By providing the driver circuit over the substrate 5000, the number
of wiring connections can be reduced. Accordingly, the reliability
and/or yield can be improved.
[Liquid Crystal Display Device]
[0301] FIG. 23B shows an example of a circuit configuration of the
pixel. Here, a pixel circuit which is applicable to a pixel of a VA
liquid crystal display device, or the like is illustrated.
[0302] This pixel circuit can be applied to a structure in which
one pixel includes a plurality of pixel electrodes. The pixel
electrodes are connected to different transistors, and the
transistors can be driven with different gate signals. Accordingly,
signals applied to individual pixel electrodes in a multi-domain
pixel can be controlled independently.
[0303] A gate wiring 5012 of a transistor 5016 and a gate wiring
5013 of a transistor 5017 are separated so that different gate
signals can be supplied thereto. In contrast, a source or drain
electrode 5014 functioning as a data line is shared by the
transistors 5016 and 5017. Any of the above-described transistors
can be used as appropriate as each of the transistors 5016 and
5017. Thus, the liquid crystal display device can have a high
display quality and/or high reliability.
[0304] The shapes of a first pixel electrode electrically connected
to the transistor 5016 and a second pixel electrode electrically
connected to the transistor 5017 are described. The first pixel
electrode and the second pixel electrode are separated by a slit.
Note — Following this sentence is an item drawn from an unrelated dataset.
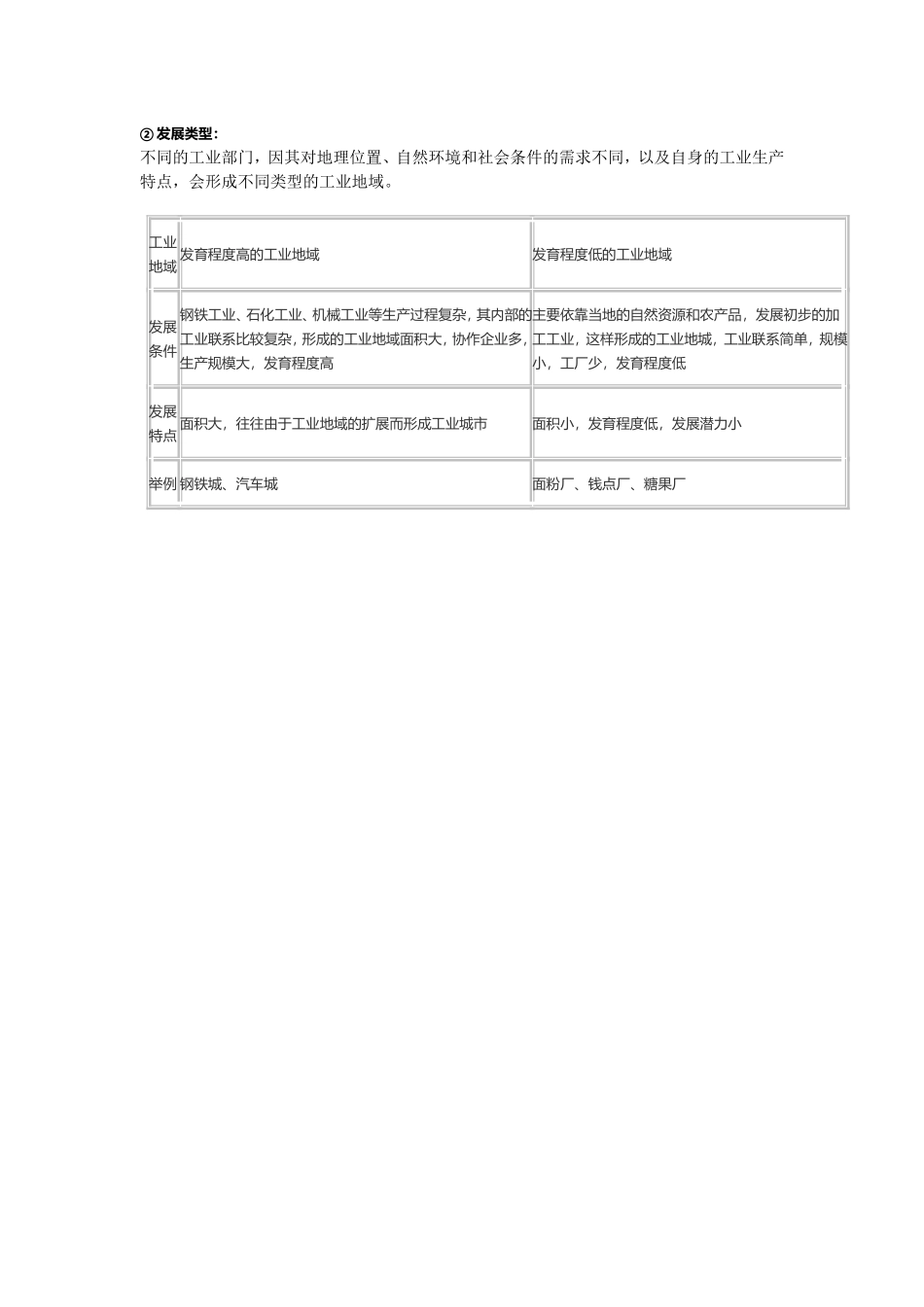 工业联系与工业集聚_第3页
The first pixel electrode has a V shape and the second pixel
electrode is provided so as to surround the first pixel
electrode.
[0305] A gate electrode of the transistor 5016 is electrically
connected to the gate wiring 5012, and a gate electrode of the
transistor 5017 is electrically connected to the gate wiring 5013.
When different gate signals are supplied to the gate wiring 5012
and the gate wiring 5013, operation timings of the transistor 5016
and the transistor 5017 can be varied. As a result, alignment of
liquid crystals can be controlled.
[0306] Furthermore, a capacitor may be formed using a capacitor
wiring 5010, a gate insulator functioning as a dielectric, and a
capacitor electrode electrically connected to the first pixel
electrode or the second pixel electrode.
[0307] The multi-domain pixel includes a first liquid crystal
element 5018 and a second liquid crystal element 5019. The first
liquid crystal element 5018 includes the first pixel electrode, a
counter electrode, and a liquid crystal layer therebetween. The
second liquid crystal element 5019 includes the second pixel
electrode, a counter electrode, and a liquid crystal layer
therebetween.
[0308] Note that a pixel circuit in the display device of one
embodiment of the present invention is not limited to that
illustrated in FIG. 23B. For example, a switch, a resistor, a
capacitor, a transistor, a sensor, a logic circuit, or the like may
be added to the pixel circuit illustrated in FIG. 23B.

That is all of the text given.